Traditionally, the firm has grown -organically, with the exception of a merger in the 1980s with Andersen & Gardener. Even now, with growth being key, Chrystie has no intention of expanding if it sacrifices control: independence is paramount. But he is confident that by 2004 the firm will have met its recruitment target, even if it is the hard way. There are 24 partners and 83 other fee-earners across three offices in Glasgow, Edinburgh and, most recently, London, which opened in 1991.
The main areas targeted for growth are commercial, intellectual property, construction law and banking. John Blackwood has joined as a partner from the Bank of Scotland to build those sides of the business. “We mustn't ignore the commercial property side and litigation, both of which are enjoying record figures for the last year,” says Chrystie. A number of new associates have joined recently from rival firms such as McGrigor Donald, Stephenson Harwood and PricewaterhouseCoopers' (PwC) legal arm PwC Legal.
“I put the success down to hard work”, Chrystie says. “We work very effectively as a team. We've also had some outstanding work over the past year – for one, the biggest ever management buyout in Scotland, Kyndall International Limited. It was led by Brian Megson and was worth £208m.”
The firm has also been responsible for the flotation of Murgitroyd, Scotland's foremost patent agent, resulting in a 30 per cent rise in its share price. Edinburgh-based partner Peter Wilson dealt with all the Scottish aspects of the recent Pernod Ricard purchase of Seagram for £5.5bn. The firm also acted for Norsk Hydro Ventures in relation to a £6m investment in Ocean Power Delivery and in the sale of Hydro Seafood.

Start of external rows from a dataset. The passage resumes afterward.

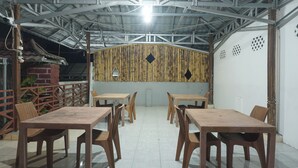 A restaurant interior with bamboo decor, wooden tables and chairs, and a tiled floor. - Rinjani Terrace Cottage (Kotaraja)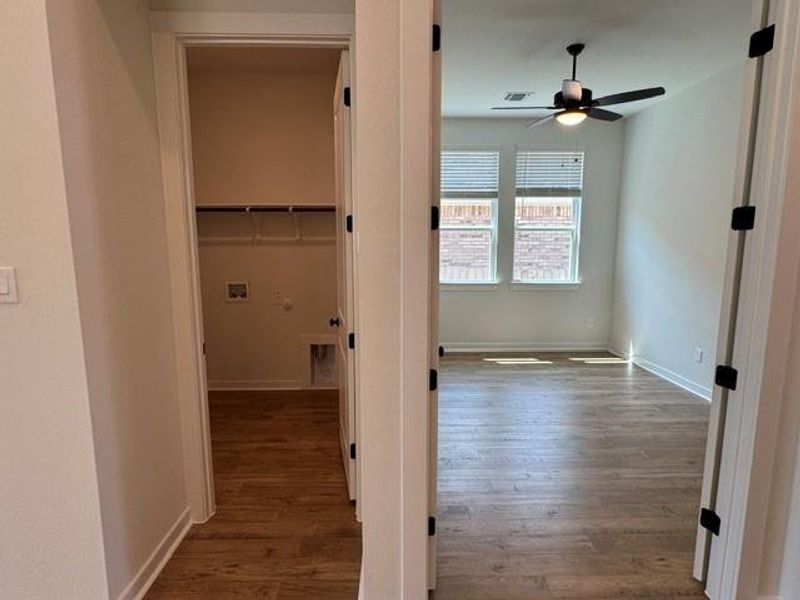 Hardwood floors and generous natural light create an inviting atmosphere in this versatile room.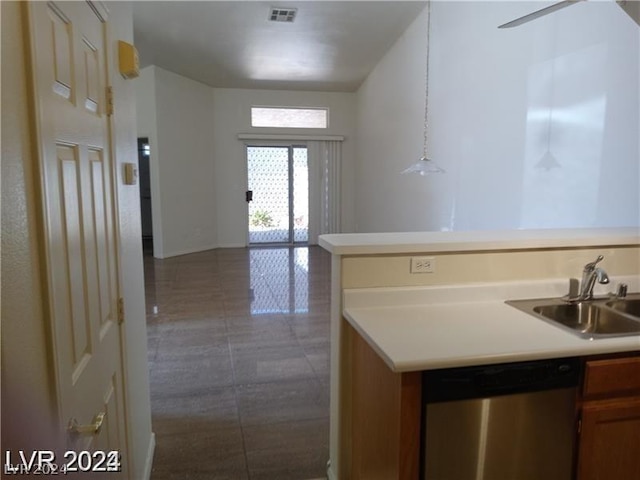 kitchen with decorative light fixtures, dishwasher, and sink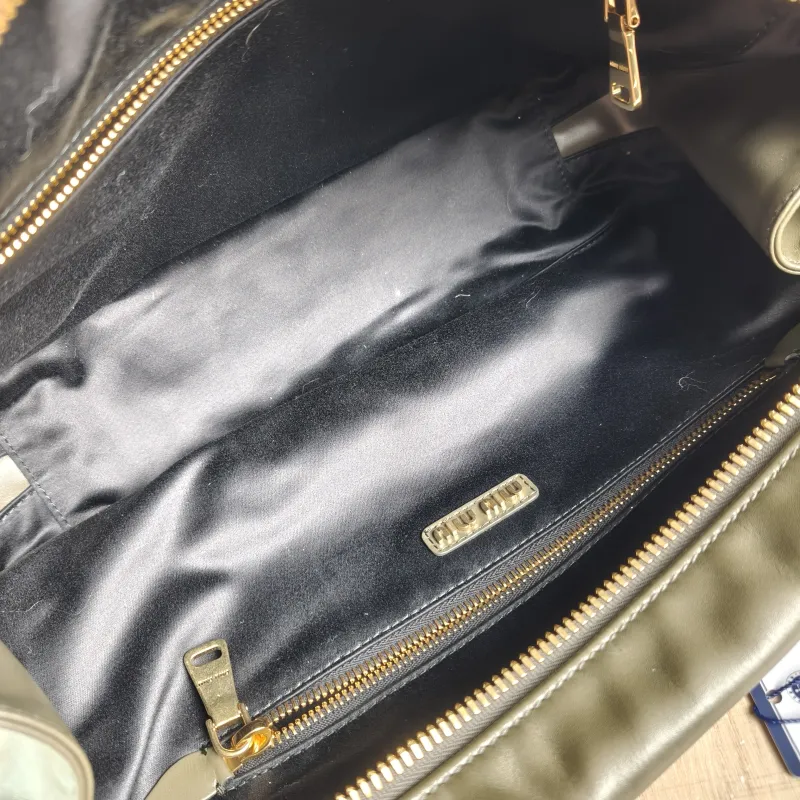 Miumiu Top Handle Bag Beau CC alfskin 34 × 10 × 23 cm — detail view 1 of 12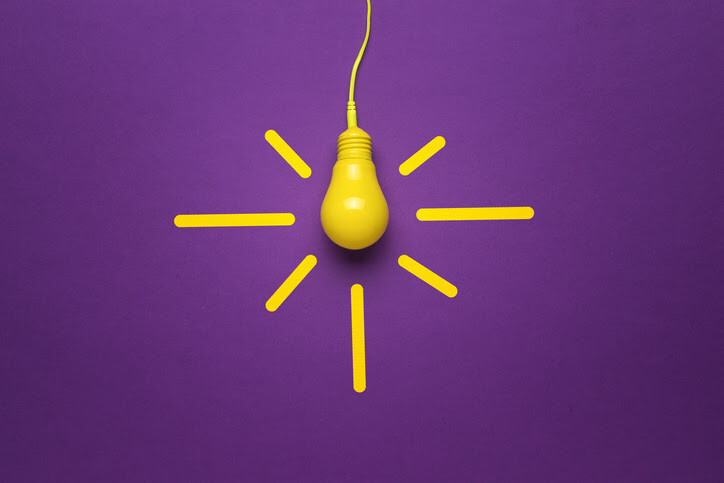 Bright yellow bulb with radiating lines on purple surface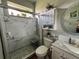 Bathroom with a glass walk-in shower, rock floor, and updated fixtures at 9010 Laurel Ridge Dr, Mount Dora, FL 32757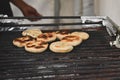 Bihari food litti being grilled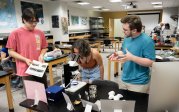 Presenters from Paradise Creek Nature Park offered interactive learning experiences, including viewing specimens under a microscope.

New clients won in the past 18 months include Chivas Regal, Dynamic Earth, a top Scottish tourist attraction, and Livingston Football Club. There have been a number of significant PFI deals for companies such as Bowater Zenith and HPG.
In 2000, the firm invested £1m in a new IT system. Chrystie says: “Inevitably in a firm this size, there were one or two sceptics about what it would achieve for us, but I think everyone's extremely impressed. It's improved our ability to service clients and communicate with them.”